||Rod Ullens, CEO, Voxbone
The Future of
Rod Ullens, CEO and co-founder of Voxbone, discusses
whether phone numbers will still play a role in the IP world
Rod Ullens is CEO and Co-Founder of Voxbone, market leader in worldwide geographical, toll-free and iNum® telephone numbers. Voxbone enables Internet communications services providers, wholesale carriers and mobile and fixed national operators to extend their network reach internationally, rapidly and with limited costs. Voxbone delivers high-quality inbound communications from more than 50 countries and more than 4,000 cities, using its own private global VoIP network – the world’s first and largest backbone dedicated to voice-origination services.
Before founding Voxbone, he provided advice, training and seminars to European carriers, such as Belgacom mobile, KPN, France Telecom and Orange, as well as several European governments.
He holds a B.S. in telecommunication engineering from the University of Louvain in Belgium.
The use of next generation communication networks has exploded over the last few years. Communicating via the Internet offers possibilities far beyond a traditional phone call. It encompasses presence and instant messaging, video and personal information sharing through social networks. Phone numbers are no longer the only identifier to reach people on a communications network. Now anyone can have a Skype ID, Gmail address and a facebook profile. In addition to this, fixed voice communications are migrating from legacy technology (TDM, SS7) to VoIP. So the question that comes up with these evolutions is will we still use telephone numbers in the future?
Phone numbers as we know them today have been around since the 1960s. At that time, their format was standardized by the ITU-T in what is referred to as the E.164 numbering plan. Since then they have not substantially changed, except with the advent of mobile telephony. Until then, phone numbers were associated to a physical address. With the introduction of mobile telephony, phone numbers became the identifier for a person.
Q: What benefits do they have?
A: First of all, phone numbers are unique across the entire world. As they are unique and standardized, they ensure interoperability across networks. They can be used by someone in Ukraine using a landline to call someone else on a mobile phone in Australia. That call could travel several networks operated by several operators, and will still reach its destination. It is also portable, in many countries; this means that a user can change providers without having to give up his identity. Lastly, they fulfil local policy objectives as they provide identity and location information to authorities for public safety purposes.

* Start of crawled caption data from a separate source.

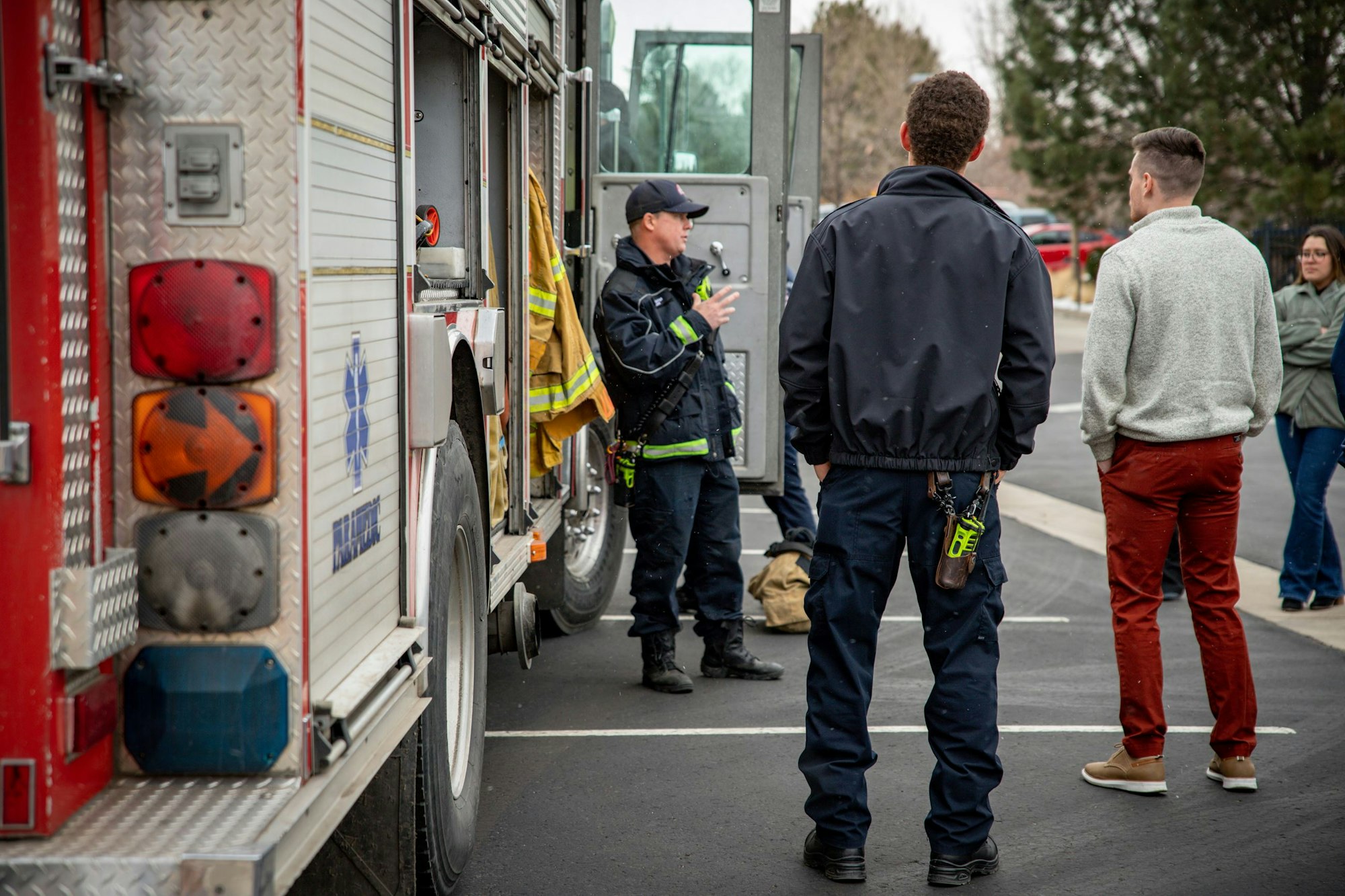 Firefighters and civilians stand near a fire truck, possibly in discussion.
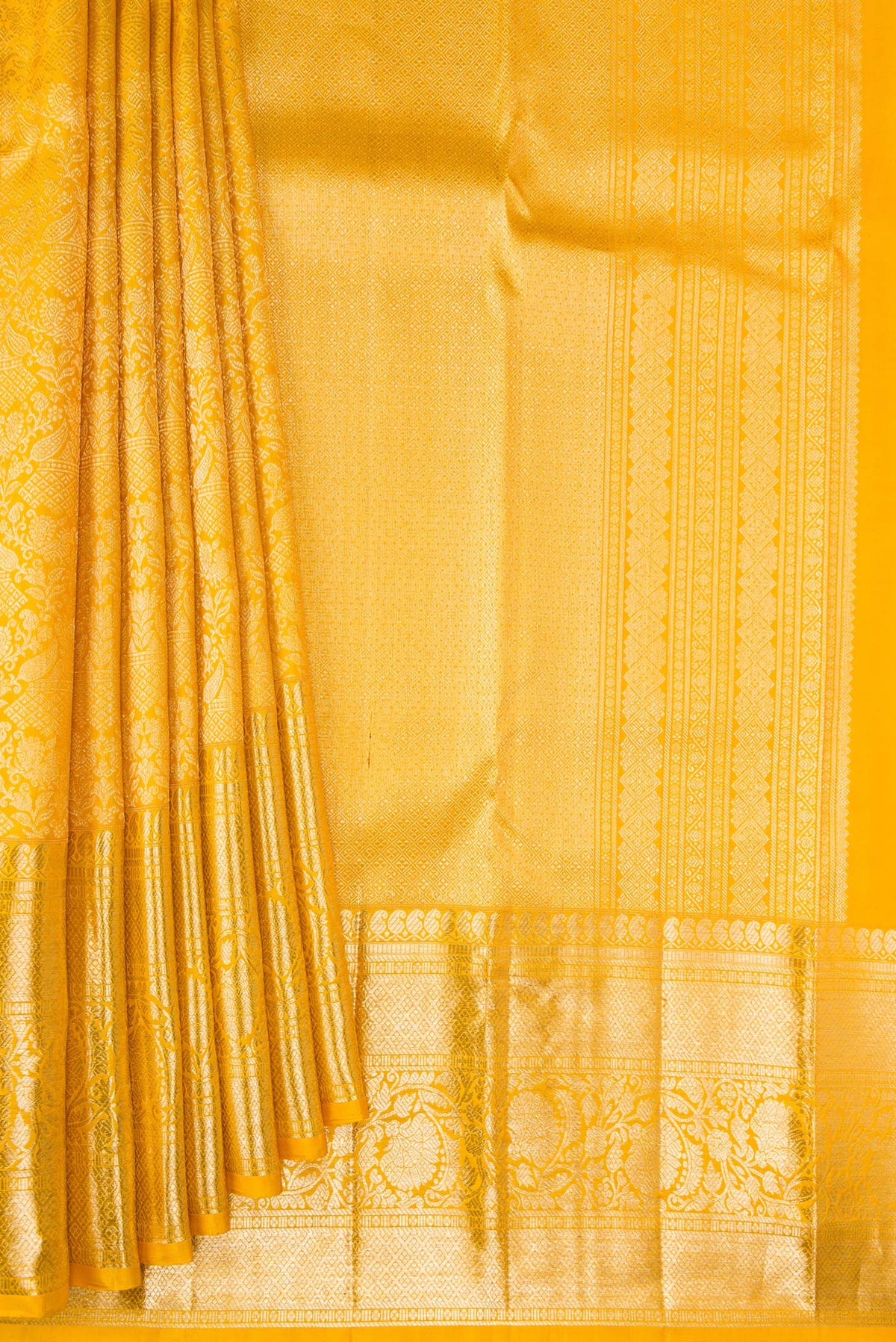 Pleats and pallu of Pure Silk Yellow Kanchipuram Saree with Zari Brocade on the body and Fancy Border. 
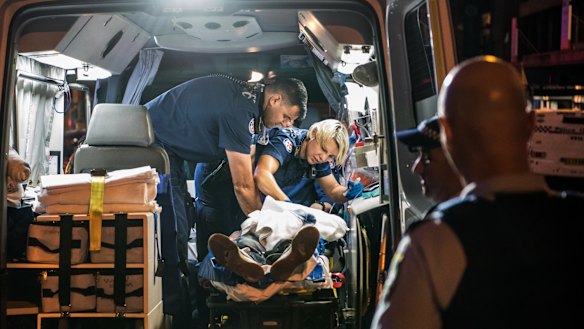 NSW Ambulance Paramedics perform CPR on a 40-year-old male who collapsed with a cardiac arrest at Easts Leagues Club. 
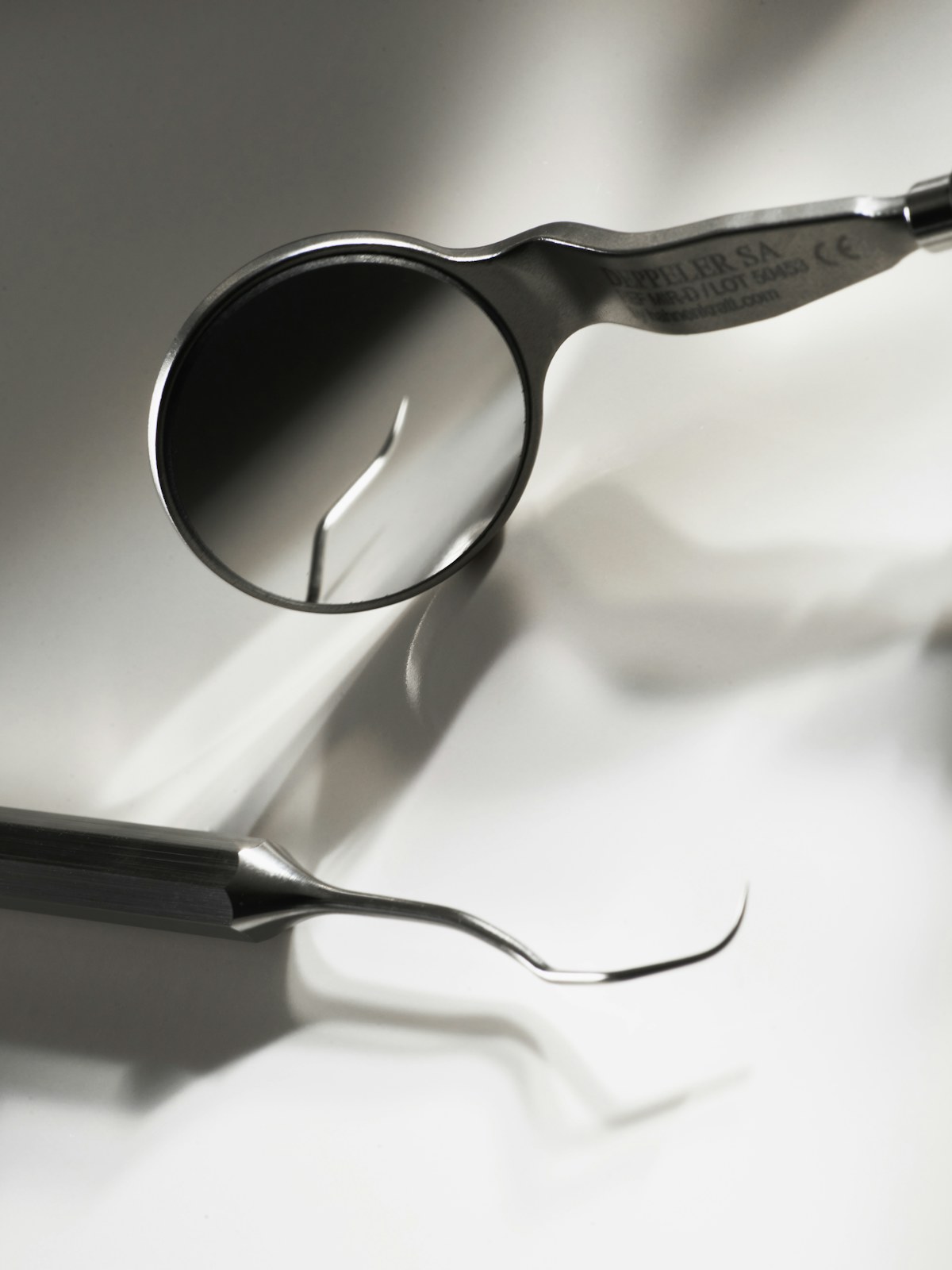 Dental mirror and explorer instrument on a clean surface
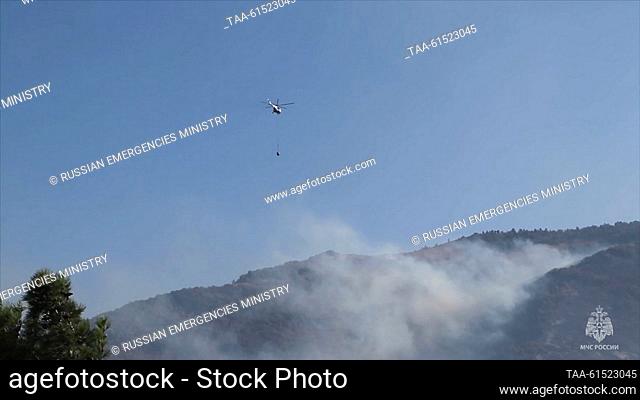 RUSSIA, GELENDZHIK - AUGUST 30, 2023: A helicopter drops water on a wildfire. Video grab. Best quality available. Russian Emergencies Ministry/TAS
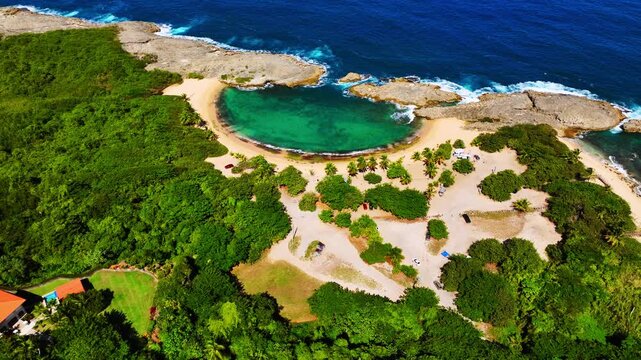 Natural limestone cove with turquoise water and sandy beach surrounded by green vegetation and palm trees. Aerial view of Mar Chiquita beach in Manati Puerto Rico.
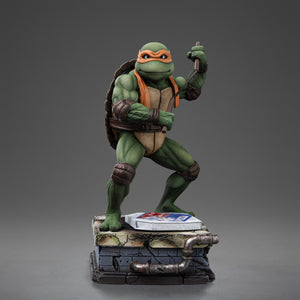 Full front view of the Iron Studios TMNT 1990 Michelangelo 1/10 scale statue poised with nunchaku above a sewer stone base with pizza box.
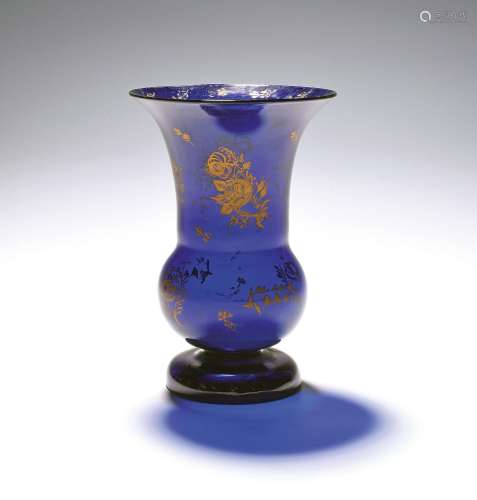 A blue glass vase c.1770, the thistle shape gilded in the Lo...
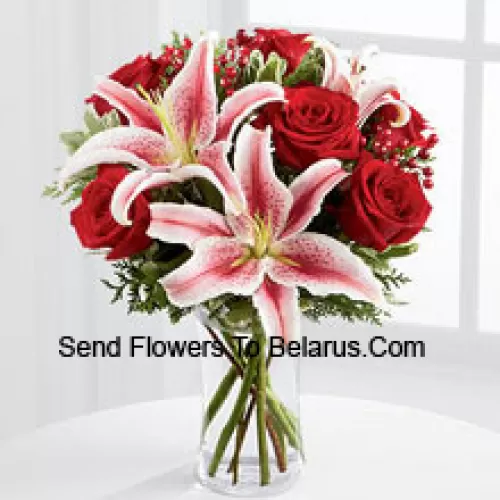 Ce bouquet est un affichage simplement magnifique de glamour saisonnier auquel ils ne pourront pas résister. Les riches roses rouges sont associées à la beauté éblouissante des lys Stargazer, accentuées par des verdure de vacances, des jets de baies et un ruban de satin bordeaux pour un look élégant. Disposé dans un vase en verre transparent, ce bouquet ajoutera à la magie et à l'émerveillement de leurs festivités de vacances. (Veuillez noter que nous nous réservons le droit de substituer tout produit par un produit approprié de valeur égale en cas de non disponibilité d'un certain produit)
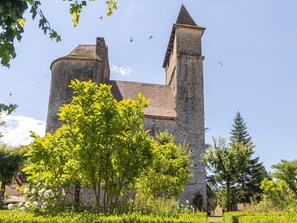 A historic stone tower with a conical roof, surrounded by lush greenery and a clear sky. - Comfortable Holiday Home With Private Pool (Besse)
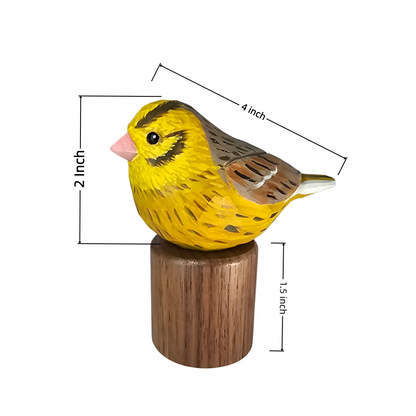 A hand-carved wooden Yellowhammer figurine with yellow, brown, and black painted details, mounted on a cylindrical wooden base. Measurement lines and text indicating 2 inch height, 4 inch length, and 1.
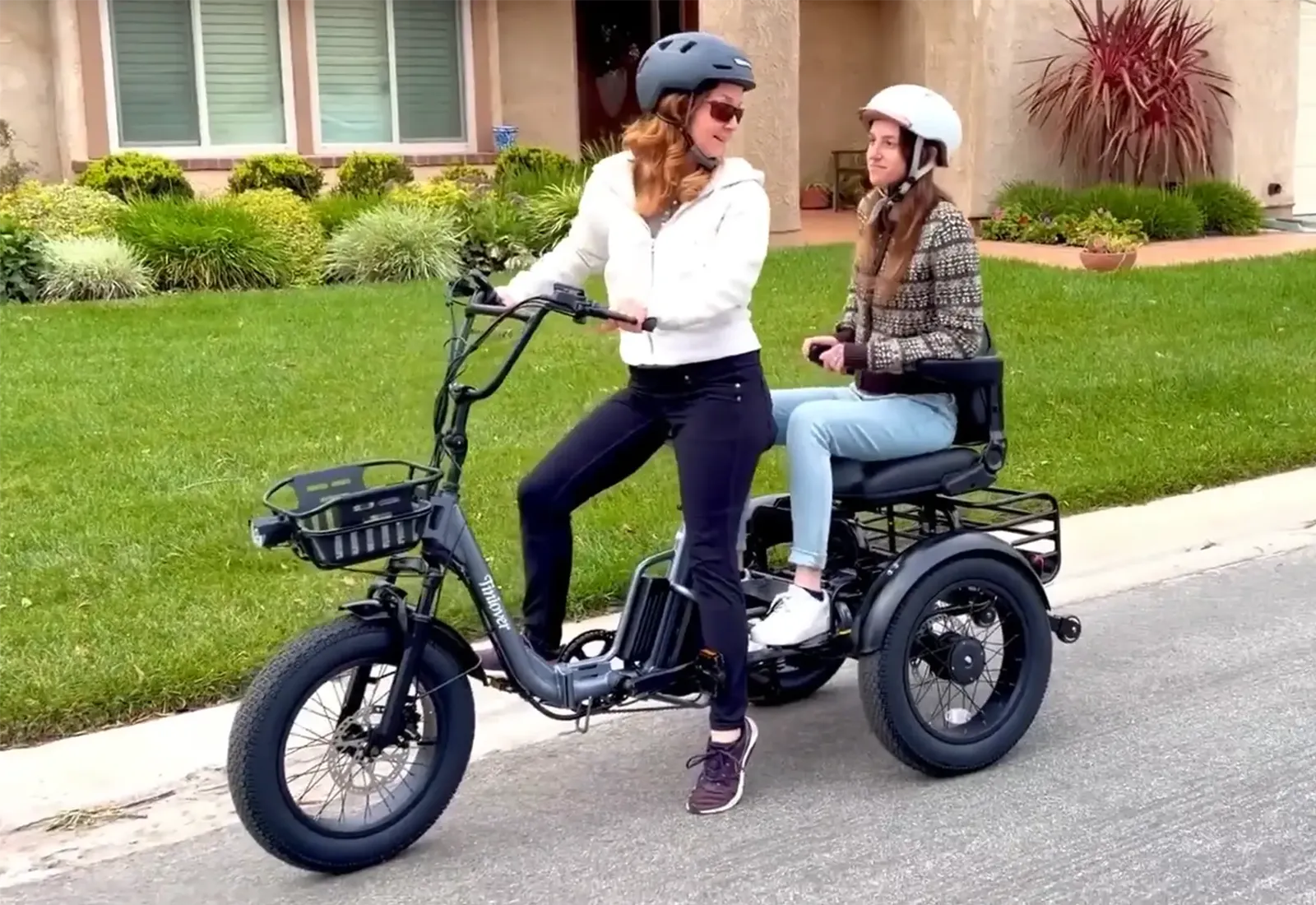 Tiniover Creek Pro electric trike carrying a passenger on a residential street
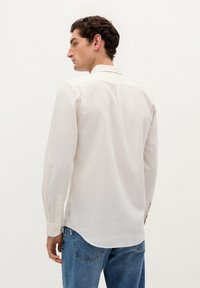 Lysstribet hvid skjorte med lange �ærmer, rundet kant og rygpanel, parret med blå denim jeans.
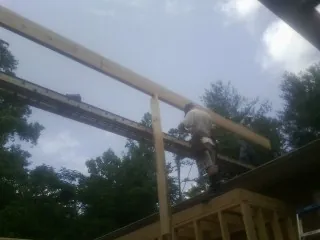 Carpenter setting a ridge beam over a new addition frame — Ice Dam Removal by Roofing Brothers in Goodspring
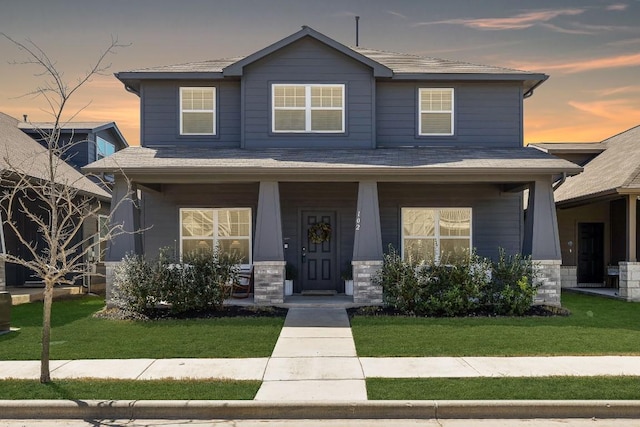 craftsman-style home with stone siding, a lawn, and a porch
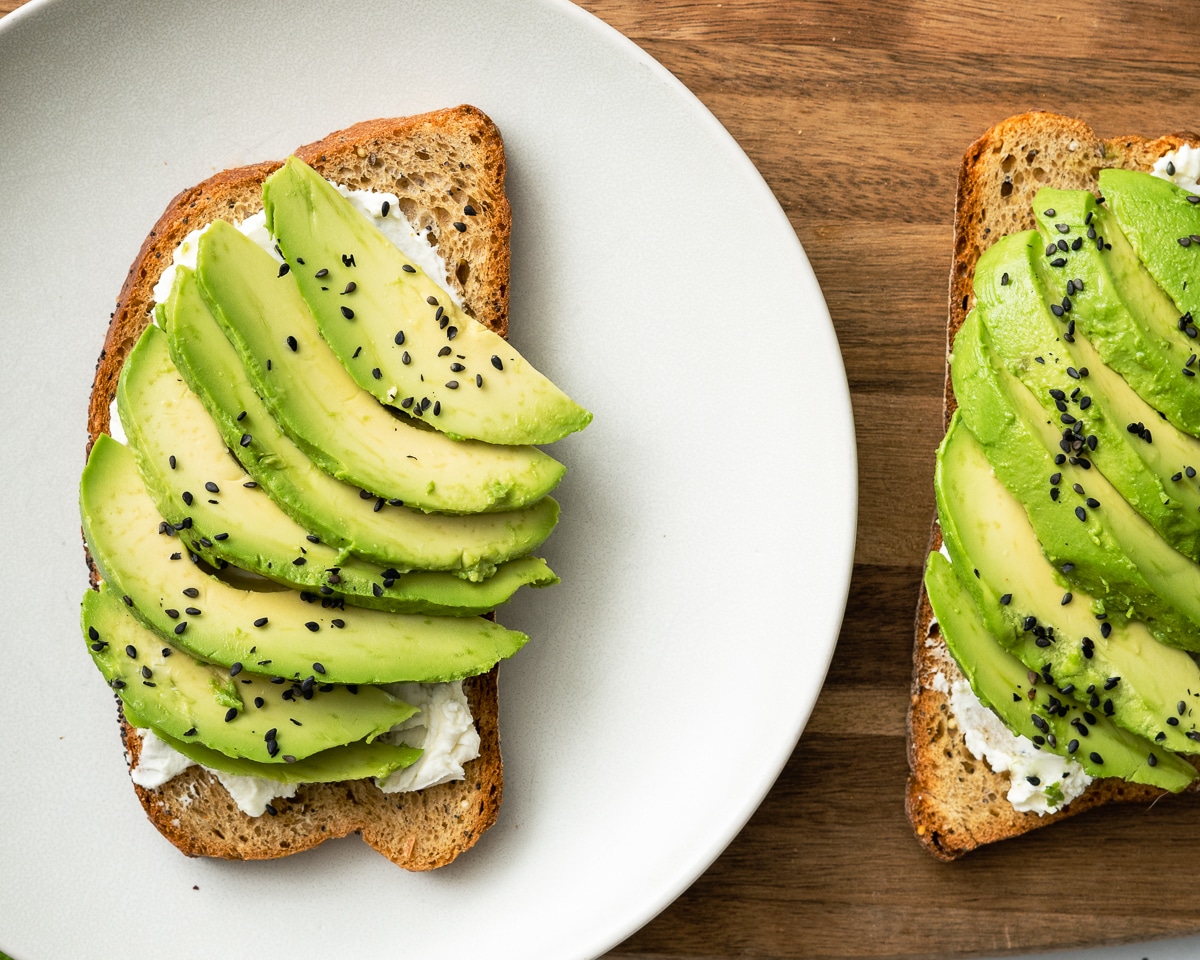 avocado cream cheese toast served on a plate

Q: Are there alternatives to phone numbers?
A: Yes, there are, but none of them are perfect. IP addresses in combination with domain names could be used. Or Skype ID’s. Or Gmail addresses. However both IP addresses and private identifiers have some limitations. Both of them are not portable across networks. Using them, you are stuck to your provider. None of them is interoperable with the PSTN network. And neither IP addresses, nor private identifiers provide governments with the means to support public safety.
Q: So, do phone numbers have a future?
A: Yes, they have. Phone numbers will still be around for a long time. With 6 billion end-points “the PSTN” is still the biggest social network of all. Given the benefits they have, why not use them in next generation communication networks and social media. By doing so, these networks could provide support for emergency calls, for example or could provide a unique identity, portable across networks. Or they would allow calling or chatting across networks, from Skype to Google for example. Furthermore, the phone number is chosen as the identifier for calls on IPX (IP eXchange), the upcoming interconnection model of the GSMA for the exchange of IP based traffic between all types of service providers. Today and also in the years to come, telephone numbers form the bridge between PSTN and IP telephony. Some of these networks have already taken a step in that direction. Skype, for example, has added an optional phone number to its accounts for the use of the “Online number” service.
Q: Can they stay as they are, or should they evolve to be
A: Definitely changes are needed. In a lot of countries, having a physical local address is required for obtaining a geographical phone number. With the mobility provided by mobile technology, internet and VoIP, this requirement should disappear. We do support the association of a phone number with a certain region through the area code. For example, an online shop in Paris should be able to get a local phone number in Berlin if Germany would be a market for the shop. As such the shop could make clear to potential German customer that they also provide services in Germany.
Secondly, the link between area-codes of phone numbers and costs of a call should disappear. With the advent of IP technology, the marginal cost of transport of a voice call is close to zero. Why still charge extra for inter-area calls? Processes for porting of existing numbers and number ranges are still to be improved. Not every country has a central number database and automated porting systems, a pre-requisite for healthy competition.
Lastly, the frameworks of the telephone number system do not support today’s communication services, such as video and instant messaging. Market definitions have to be enlarged to also include and standardize these services so they can become interoperable across networks.